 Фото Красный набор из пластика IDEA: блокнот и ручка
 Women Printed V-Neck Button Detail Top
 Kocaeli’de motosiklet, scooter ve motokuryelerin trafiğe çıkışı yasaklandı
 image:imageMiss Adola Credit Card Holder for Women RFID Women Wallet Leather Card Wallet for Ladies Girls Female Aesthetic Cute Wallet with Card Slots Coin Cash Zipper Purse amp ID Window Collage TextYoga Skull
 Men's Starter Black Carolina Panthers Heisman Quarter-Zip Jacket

...

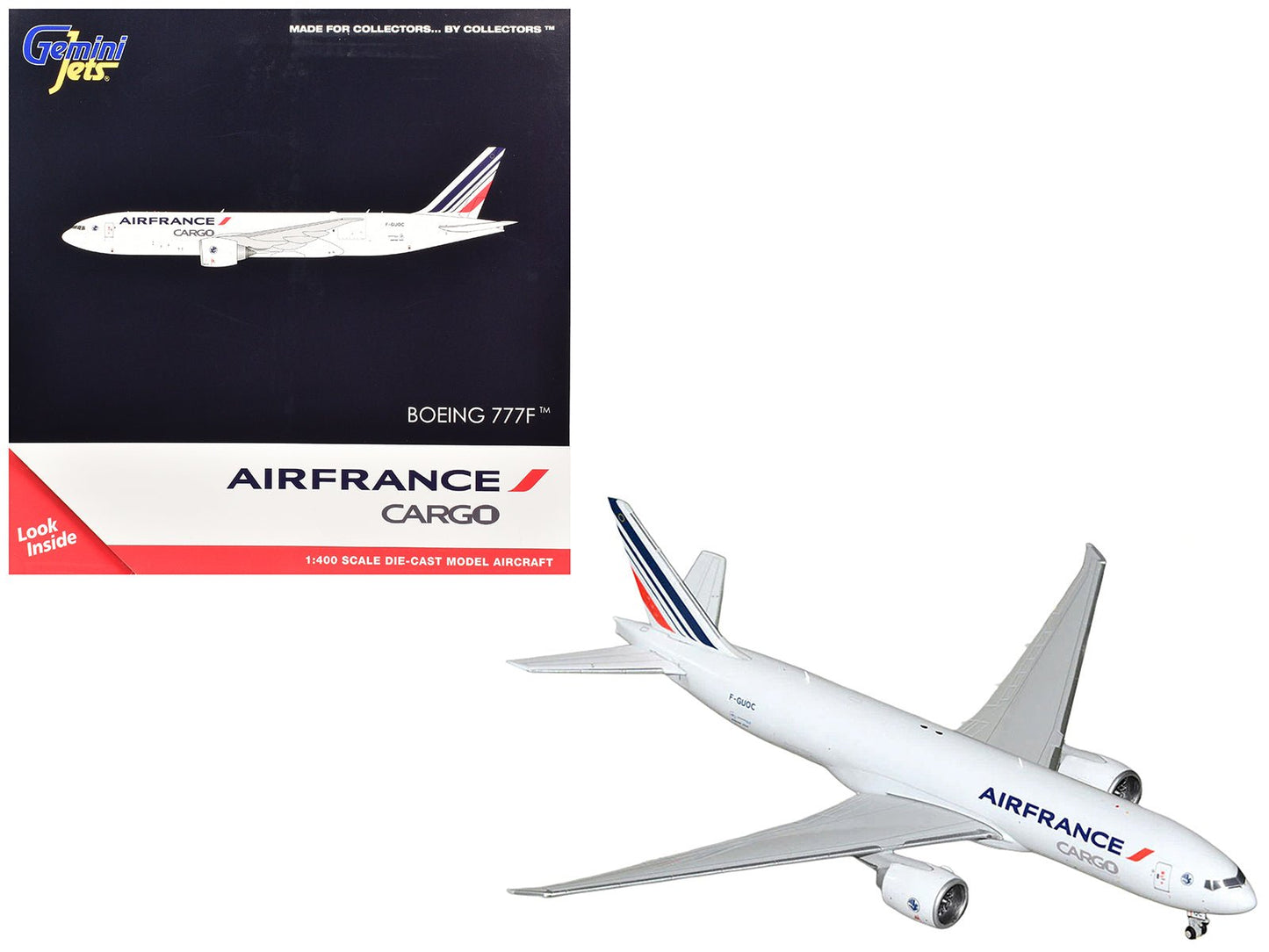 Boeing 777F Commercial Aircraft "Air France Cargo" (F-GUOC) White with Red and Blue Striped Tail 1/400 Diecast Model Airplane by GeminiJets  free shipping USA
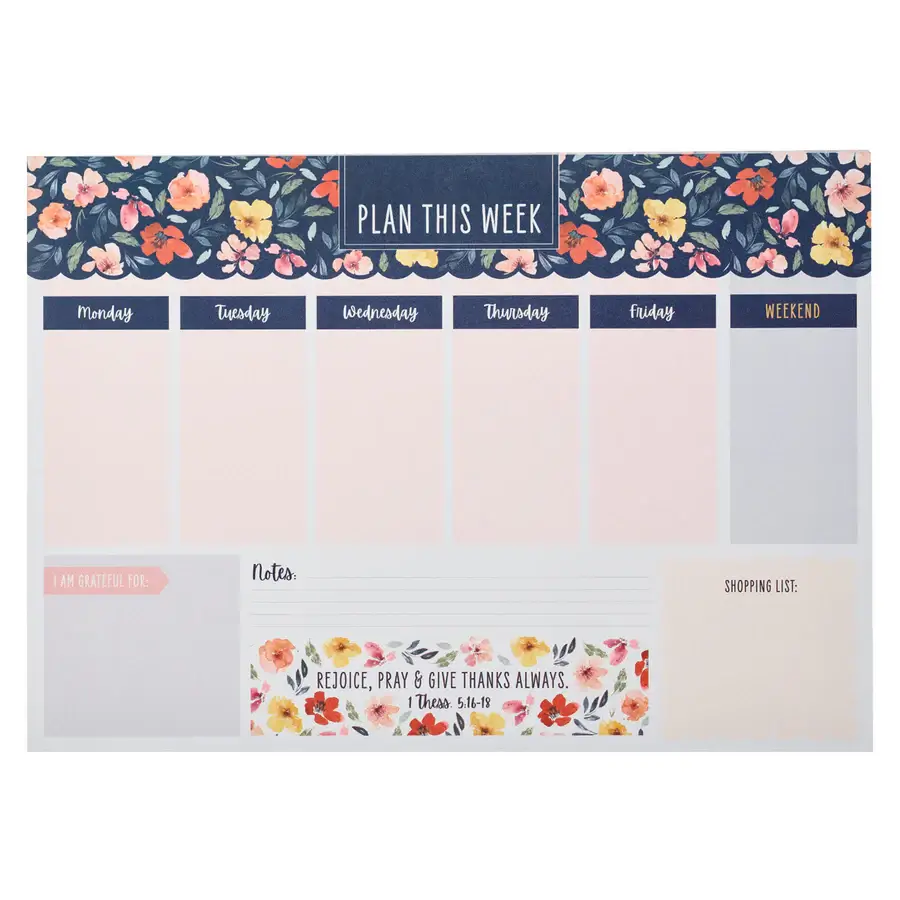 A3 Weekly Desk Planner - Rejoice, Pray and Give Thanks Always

> **ABOUT THIS TASK**: Within the material above, extract exactly the lines that start at the line containing "Women Printed V-Neck Button Detail Top" and stop after the line containing "Men's Starter Black", and only those.

> **RESPONSE TO THE TASK**:
 Women Printed V-Neck Button Detail Top
 Kocaeli’de motosiklet, scooter ve motokuryelerin trafiğe çıkışı yasaklandı
 image:imageMiss Adola Credit Card Holder for Women RFID Women Wallet Leather Card Wallet for Ladies Girls Female Aesthetic Cute Wallet with Card Slots Coin Cash Zipper Purse amp ID Window Collage TextYoga Skull
 Men's Starter Black Carolina Panthers Heisman Quarter-Zip Jacket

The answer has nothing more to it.